ON Friday last, the Lord Mayor of Cork, Joe Kavanagh, invited Glen BC coach Tom Kelleher to City Hall.
This was a very prestigious occasion for Tom as Cork's first citizen welcomed the Blackpool man to the iconic building.
The purpose of the occasion was to present Tom with a magnificent plaque conferring on him the honorary title of Mr Cork Boxing.
On a bright, crisp Spring morning, both men stood on the famed steps of the city's premier building.
The plinth has been occupied down through the years by some of the greatest names in the world.
These include Éamon de Valera, USA President JFK and Queen Elizebeth.
However, on this day, the guest of honour was a true son of Leeside sport who has given 70 years to the promotion of amateur boxing.
Tom has made a significant impact and stood at City Hall as a first-class ambassador for the sport.
In the glowing tribute, the Lord Mayor thanked him for his contribution to sport and boxing in a lifetime of devoted service.
"Volunteers like Tommy are invaluable to society and particularly to the sport of boxing," he said.
"Many youngsters who have joined boxing clubs at an early age have been given a great path in life which gives them an opportunity to understand discipline, proper standards, being competitive and realising from the sport that we all learn from victory and defeat.
"Cork has many outstanding boxing clubs, and I admire the extraordinary work being done by all the coaches and committees.
"I have always been a great admirer of Cork and Irish boxing. Look at the success the sport has enjoyed internationally, particularly during the Olympics.
"Sadly, however, boxing as a sport is entirely underfunded, and this matter needs to be addressed.
"I would appeal to the government, and in particular to our Taoseacht Michael Martin, to give meaningful consideration to this matter as proper and adequate funding to boxing would be money well spent."
Also present was the President of the County Board, Michael O'Brien, who thanked the Lord Mayor for hosting the event and in particular for his thought-provoking remarks, which would be warmly welcomed by all boxing followers.
He then congratulated Tom on the accolade, which he said he richly deserved.
Meanwhile, amongst the latest visitors to the famed Boxing Wall at Bishop Lucey Park were prominent Blackrock GAA men Kevin Cummins and Dr Michael O'Halloran.
Once the Covid-19 restrictions are lifted on the construction industry, the park will be closed to the public until work is completed on a €2 million revamp.
Both were intrigued as the perused part of Cork's boxing history, from the litany of plaques that adorn the centrefold wall in the park.
Kevin Cummins is managing director of Cummins Sports and a man who captained the Cork minor hurling team to All-Ireland glory in 1964. He said he was very impressed.
Kevin, a lifelong friend of the late Tim O'Sullivan, is an accomplished writer and penned a very witty, factual and informative article on boxing in UCC during the 1960s.
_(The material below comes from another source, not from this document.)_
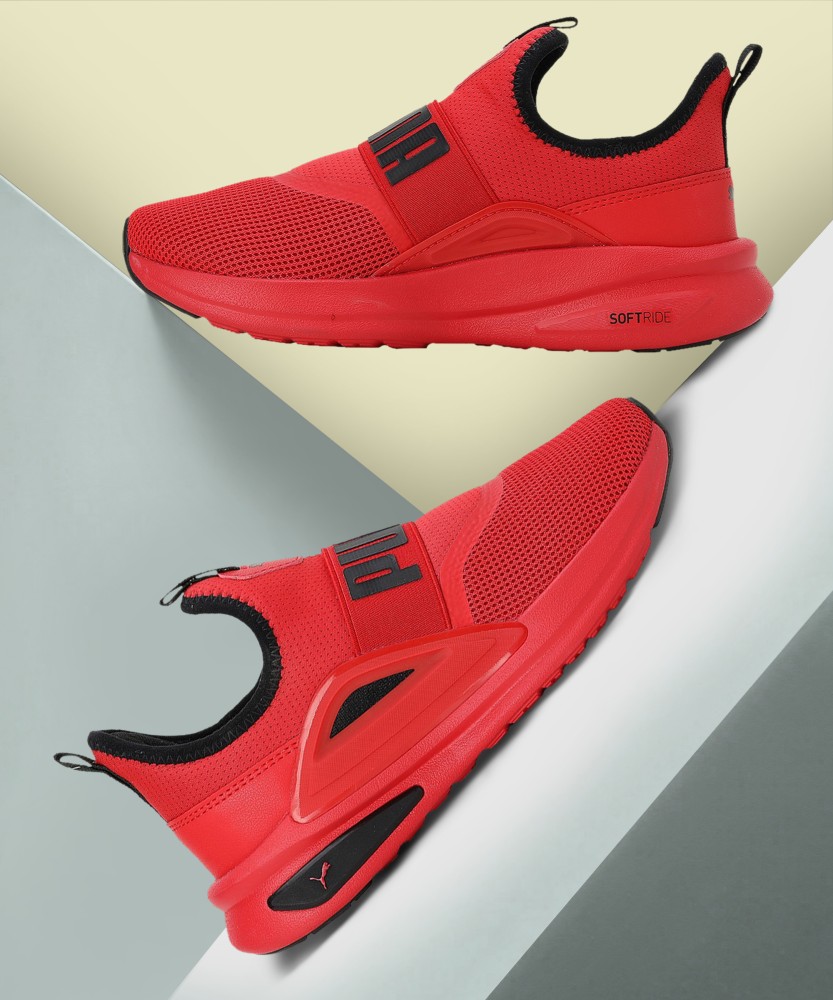 Puma red shoes flipkart online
This was published in a nostalgia feature in. Michael O'Halloran, an eminent physician, boxed in UCC.
His son, Michael, captained Blackrock in last year's senior hurling win, while his brother John was a member of the famous 1966 Cork All-Ireland winning team.
Following his retirement from boxing, Pakey married Nora O'Driscioll from Blackrock, and they set up home there.
Once domiciled in the little fishing village, Pakey was invited to train the Blackrock senior hurling team, who were very successful up to 1931 after winning four County titles.
Pakey also trained the Cork team to success on two occasions, including the famous victory over Kilkenny in 1931.
For any former Cork boxer to make the wall in Bishop Lucey Park, he or she has reached the promised land, and their legacy to the sport will live on and will be admired by generations into the future, as was acknowledged by the park's latest pilgrims last week.